Phil Collins' erster abendfüllender Film „Tomorrow is always too long“ kam diesen Frühling auch in deutsche Programmkinos, nachdem er vergangenes Jahr im HAU (wo seine Arbeiten regelmäßig präsentiert werden) Berlin-Premiere hatte. Jene Glasgow-Hommage, die in ihrer Vielschichtigkeit als moderne „Symphonie einer Großstadt“ gefeiert wurde, lebt nicht zuletzt von den fantastischen Songs, die alle von Cate Le Bon komponiert, hier aber von sieben ProtagonistInnen (Altersspanne: 10 bis 83!) eingesungen wurden.
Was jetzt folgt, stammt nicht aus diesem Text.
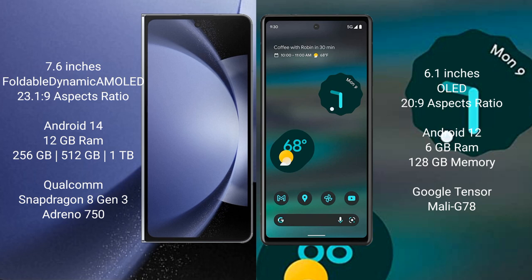The Samsung Galaxy Z Fold 6 runs on the Android 14 operating system. The Google Pixel 6a runs on the Android 12 operating system.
Zwar bot sich hierzulande schon manche Gelegenheit, Cates Qualitäten – etwa als Support von Perfume Genius, mit dem 2013 das wunderbare Duett „I Think I Knew“ entstand – zu entdecken. Doch die Tiefe ihrer Texte erschloss sich einigen erst über die deutschen Untertitel in Phils Film, wo gleich ein halbes Dutzend Songs der dritten Cate-Le-Bon-LP „Mug Museum“ erklingt. Nun ist mit „Crab Day“ Cates Vierte erschienen. Zu diesem Anlass drehte Phil einen elfeinhalbminütigen Trailer (in dem Ortskundige neben dem einstigen Rundfunkgebäude an der Rummelsburger Bucht auch das Corbusier-Haus im Westend erkennen dürften) und auch den Clip zur jüngsten Single „Love Is Not Love“.
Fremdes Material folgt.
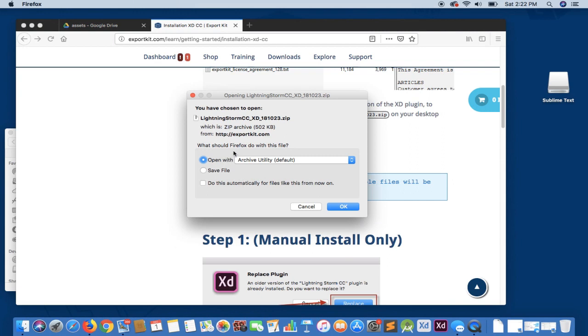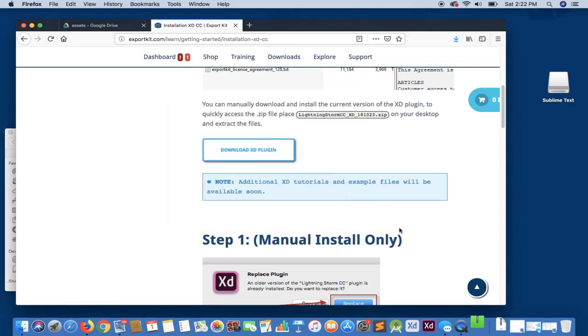You will be prompted as to how you want to treat the download. If you're on Mac, you can open with Archive Utility or if you're on Windows, you can use WinRAR, WinZip, or your extraction tool of choice. We'll simply open.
Hier nun Phil Collins persönliche Empfehlung, sich Cate Le Bons zwei Konzerttermine in Berlin und Köln nicht entgehen zu lassen:

Cate lernte ich kennen, nachdem ich sie auf zwei Londoner Konzerten erlebte. Mit einem Rascheln ihres schwarz-silbernen Designer-Capes und einem Timbre in der Stimme, das gelegentlich noch tiefer klingt als meines, wurde mein Herz aus seiner Verschalung gerissen und durchgeknetet. Danach war ich nicht mehr derselbe. Das Exemplar ihres Debüts „Me Oh My“, das ich mir im Anschluss sicherte, trage ich seither immer bei mir. Schon etwas unheimlich, aber ist es nicht das, wonach es uns verlangt? Locken wir nicht selbst die Geister hervor? Cates Melodien führen durch verschlungene Folk-Pfade zurück zu den ursprünglichen Formen, der Sehnsucht Ausdruck zu verleihen, während ihr Gitarrenspiel gleichermaßen The Fall, Pavement und Kevin Ayers zusammenbringt.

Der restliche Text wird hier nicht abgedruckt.